Understanding VMware FT: Deterministic Replay and Continuous Availability in Virtualized Environments
Introduction
The paper The Design of a Practical System for Fault-Tolerant Virtual Machines by Daniel J. Scales, Mike Nelson, and Ganesh Venkitachalam (VMware Inc.) presents an enterprise-grade system to provide fault-tolerant virtual machines (VMs) with continuous availability. The authors leverage a primary/backup approach in which the execution of a primary VM is replicated on another VM running on a separate server. If the primary fails, the backup can immediately take over—ensuring zero downtime and no data loss.
Approaches to State Synchronization
For the primary/backup model to work, both servers must maintain an identical state. Two approaches to achieve this:
1. State Transfer
This method involves sending the entire state (CPU, memory, I/O) of the primary VM to the backup continuously.
- Pros: Simple to conceptualize.
- Cons: Requires high bandwidth, often impractical in real-world settings.
2. Replicated State Machine
This method uses deterministic state machines that receive identical inputs in the same order to remain synchronized.
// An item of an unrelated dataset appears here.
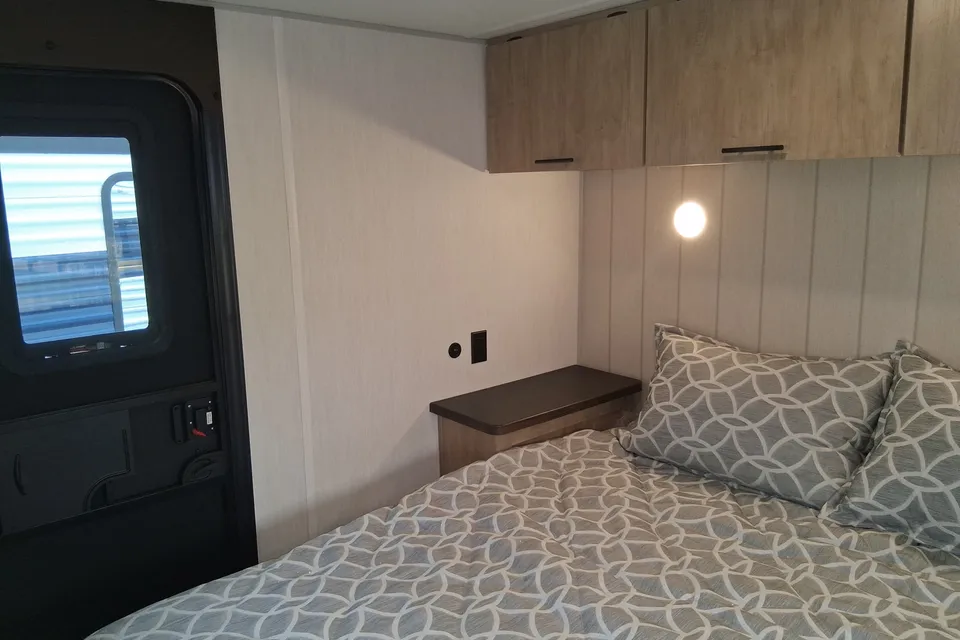 Tina's Forest River Grey Wolf Travel Trailer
- Pros: Requires less bandwidth.
- Cons: Real-world VMs are not fully deterministic, requiring mechanisms to capture and replay non-determinism.
Why Use Virtualization?
Non-determinism due to varying processor frequencies or architectures makes deterministic replay challenging on physical machines. Using virtual machines running on a hypervisor simplifies synchronization and replay by abstracting away hardware differences.
System Architecture
VMware FT is implemented on the VMware vSphere 4.0 platform. Key architectural elements include:
- Fully virtualized x86 VMs.
- Shared virtual disks accessible by both primary and backup.
- Only the primary VM is visible to the network.
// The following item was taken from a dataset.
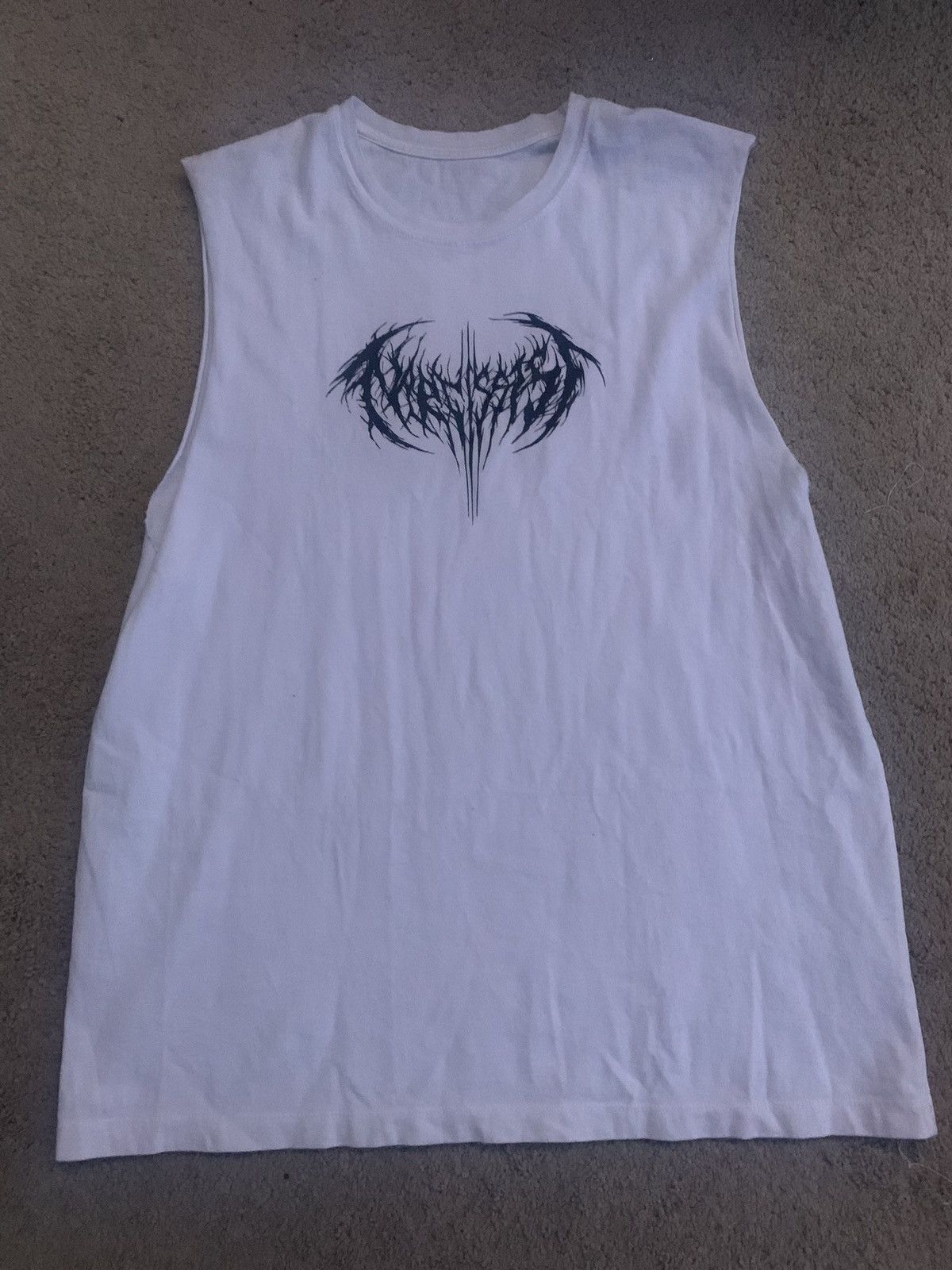 ⚡️断捨離中⚡️OPIUM公式 NARCISSIST SLEEVELESS TEE 【公式通販】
- All input events are logged and sent to the backup through a logging channel.
- The focus is on network and disk traffic as the main sources of input.
Deterministic Replay
To maintain exact VM states, VMware FT:
- Captures all non-deterministic inputs/events (e.g., interrupts, timestamps).
- Replays them deterministically on the backup VM.
- Uses hardware performance counters (from AMD and Intel) to implement efficient replay.
The FT Protocol
Consider a database update operation from ‘foo’ to ‘bar’. If the client receives confirmation before the backup logs the event—and the primary fails—a state inconsistency occurs.
Output Rule
To prevent this, VMware FT enforces the Output Rule:
The primary VM must not send output to the external world until the backup VM has received and acknowledged the log entry associated with the operation.
This ensures client-visible outputs are always replayable.
Failure Detection and Split-Brain Handling
VMs detect failure via heartbeat and logging channel timeouts (a few seconds).
Split-Brain Problem
Occurs if the backup assumes failure due to a network partition, while the primary is still operational.
Solution:
- Uses shared storage as a tiebreaker.
- Performs an atomic test-and-set on shared storage to determine which VM may go live.
- The other VM commits suicide if it loses the race.
Restoring Redundancy
After a failure:
- A new backup VM is started on a different host.
- This is achieved using FT VMotion, which:
- Clones the current primary VM.
- Sets up a new logging channel.
- Puts the new VM in replay mode.
Logging Channel and Execution Lag
Hypervisors use large log buffers to record and stream inputs:
- Execution lag between primary and backup is typically under 100 ms.
- If lag grows, the primary’s CPU is throttled slightly.
- A feedback loop adjusts CPU usage to maintain synchronization.
Design Alternatives: Shared vs. Non-Shared Disks
Shared Disks
- Both VMs access the same virtual disk.
- Pros:
- Naturally consistent.
- Aids in split-brain resolution.
- Cons:
- Writes must obey the output rule.
Non-Shared Disks
- Each VM has its own copy of the disk.
- Pros:
- Disk writes are internal state; no need for output rule.
- Cons:
- Requires explicit syncing post-failure.
- No shared medium to resolve split-brain; needs an external tiebreaker.
Key Takeaways
- VMware FT uses deterministic replay for efficient fault-tolerant VM replication.
- The system provides transparent failover and automatic redundancy restoration.
- The Output Rule ensures consistency during failover.
- Shared storage plays a vital role in maintaining consistency and resolving split-brain.
- At the time of the paper, only uni-processor VMs were supported efficiently under deterministic replay.